===== PROVIDED RECORDS =====

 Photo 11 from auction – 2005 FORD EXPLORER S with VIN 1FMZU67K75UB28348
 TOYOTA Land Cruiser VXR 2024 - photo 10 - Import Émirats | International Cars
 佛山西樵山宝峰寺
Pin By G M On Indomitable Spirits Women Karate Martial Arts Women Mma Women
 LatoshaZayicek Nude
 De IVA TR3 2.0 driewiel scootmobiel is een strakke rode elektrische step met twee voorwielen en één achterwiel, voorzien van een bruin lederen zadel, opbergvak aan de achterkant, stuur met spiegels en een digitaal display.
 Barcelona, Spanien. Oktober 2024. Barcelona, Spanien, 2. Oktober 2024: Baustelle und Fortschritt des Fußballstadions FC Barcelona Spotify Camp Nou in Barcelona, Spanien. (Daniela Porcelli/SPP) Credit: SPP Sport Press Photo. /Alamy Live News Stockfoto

=====

THE PROBLEM: All of the entries should be written out again exactly.

TASK RESULT:
 Photo 11 from auction – 2005 FORD EXPLORER S with VIN 1FMZU67K75UB28348
 TOYOTA Land Cruiser VXR 2024 - photo 10 - Import Émirats | International Cars
 佛山西樵山宝峰寺
Pin By G M On Indomitable Spirits Women Karate Martial Arts Women Mma Women
 LatoshaZayicek Nude
 De IVA TR3 2.0 driewiel scootmobiel is een strakke rode elektrische step met twee voorwielen en één achterwiel, voorzien van een bruin lederen zadel, opbergvak aan de achterkant, stuur met spiegels en een digitaal display.
 Barcelona, Spanien. Oktober 2024. Barcelona, Spanien, 2. Oktober 2024: Baustelle und Fortschritt des Fußballstadions FC Barcelona Spotify Camp Nou in Barcelona, Spanien. (Daniela Porcelli/SPP) Credit: SPP Sport Press Photo. /Alamy Live News Stockfoto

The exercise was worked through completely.